Koyu karanlıklar her yeri esir almış durumda. Gündüz vakti nasıl ki her şeyin aydınlık yüzü insanı karşılar, gecenin şerriyle berâber şer yüklü bulutlar da âniden üstümüze yağacak gibi. Öyle bir an meselesi ki hassas gönüller çoktan tahlilini yapmış ve hükmünü de vermiştir. Ânî bir hareketle, kirinden temizleyemedikleri lamba kırılacak ve bütün zehir etrâfa boca edilecek. Bu hülyâ ile yaşayan karanlıkla müsemmâ kripto kişiler, her gün çetele tutmaktadır. Ümüğü sıkılacak olanların listeleri afîşe edilmiş, ifşâ olanların defteri dürülmüş, sırasını bekleyenlerin ise mecâli tamâmen tükenmiştir.

Her köşe başında ibretlik bir manzara, bütün kötülükleriyle arz-ı endam etmektedir. Köşeyi tutan bütün lümpen kitleler, kirli elleri tetikte, her güzeli öldürmeye yemin etmiş bir halde gün saymaktadır. Acıma hissinin bütünüyle yok olduğu, bu hisse sâhip olan kendi militanlarının bile darağacına çekileceği, görebilen gözlere âşikârdır. "Acıma, acınacak hâle düşersin." diyen tımarhâne kaçkınlarının sayısı bir hayli fazla. Üstü kapalı, akçeli işler, çetelerin gelir kaynağı. Hesap soran yerler bütün şûbeleriyle el değiştirmiş. Hesâbı kabarık kātil bir güruh, istisnâsız herkese, kendini kānun yerine koyup hesap sormaktadır. İstediğini alamazsa seneler süren cezâlar kesmektedir.
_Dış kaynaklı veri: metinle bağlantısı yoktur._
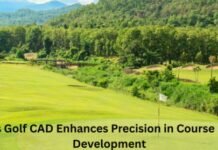 5 Ways Golf CAD Enhances Precision in Course Layout Development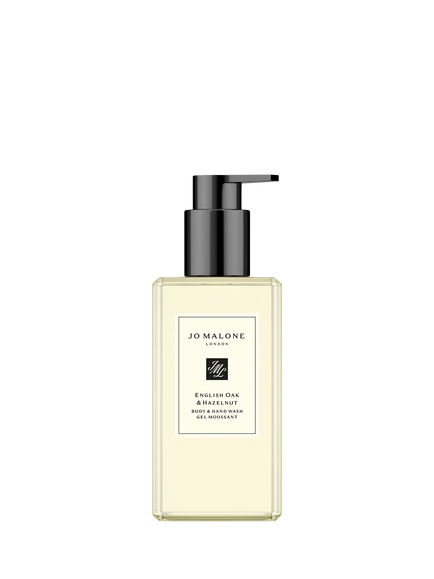 Jo Malone London English Oak & Hazelnut Body & Hand Wash, 250ml, 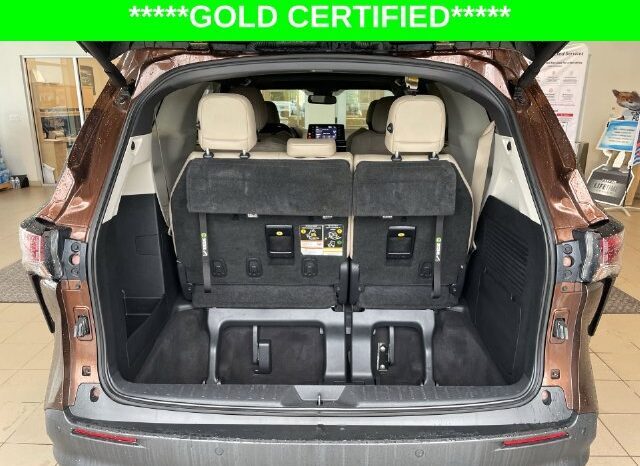 
								Toyota Sienna full									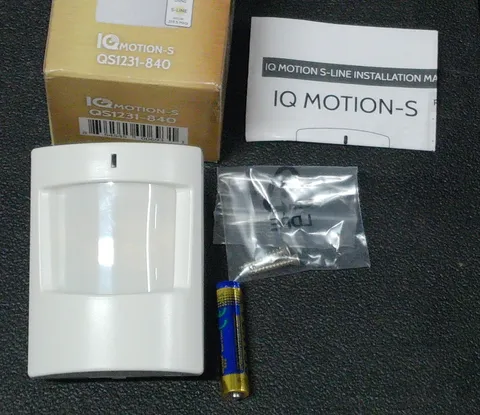 IQ Motion-S QS1231-840, 319.5 MHz Secure Authenticated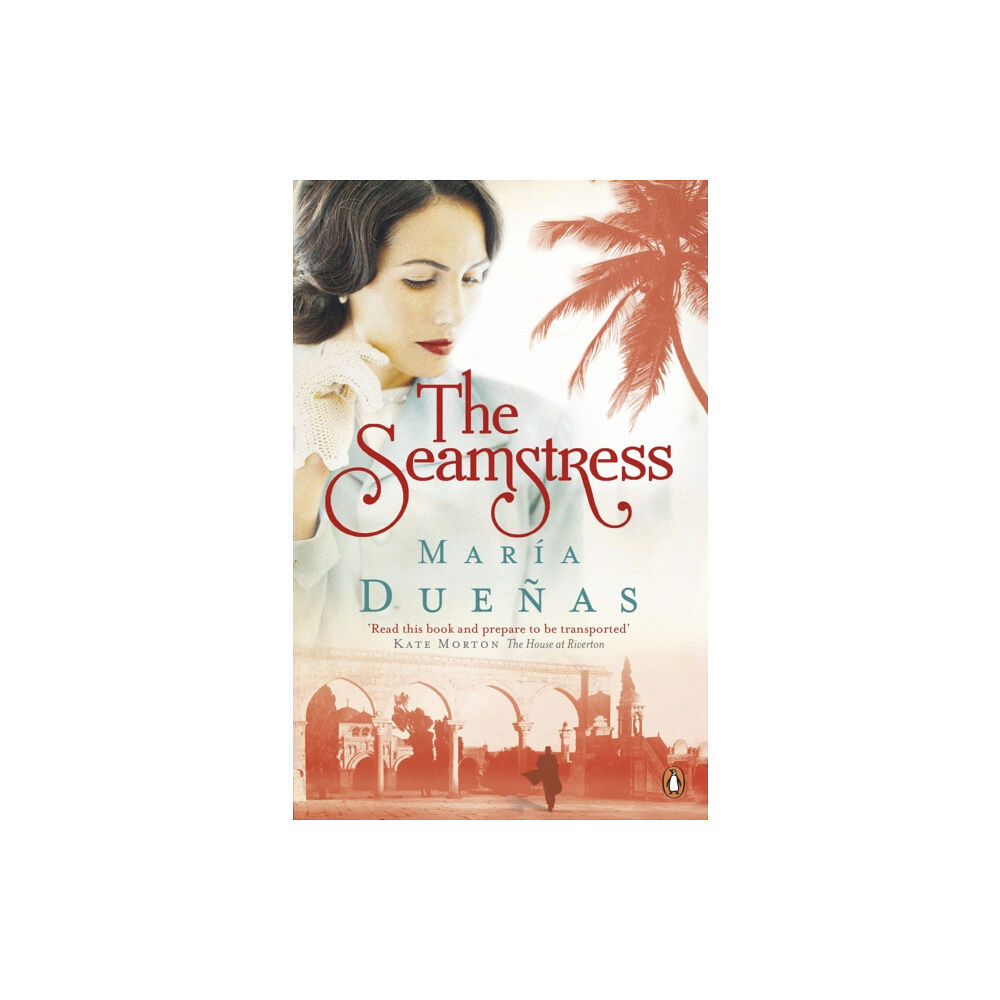 Penguin books ltd The Seamstress (häftad, eng)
Verdikleri cezâyı çekenleri dahi bırakma niyetinde olmadıkları, kan kokan düşüncelerinden ve hallerinden belli. Hiçbir kayıt ile bağlı olmayanlar, hakkı hukūku yerde sürüyerek canlarının istediği hükmü vermektedir. Hüküm başına ücret kesenler, en âlâ yerlerde yaşam sürmektedir. Yedi sülâlesi bolluk içinde yaşayacak şekilde îmâr-ı hayat yapmışlardır. Hiç kimsenin hesap vermediği, hesap sorabilen hasbî gönüllü diğergâm insanların ortalarda olmadığı bu karanlık topraklarda, yaşamın her bir günü işkence hâlini almaktadır.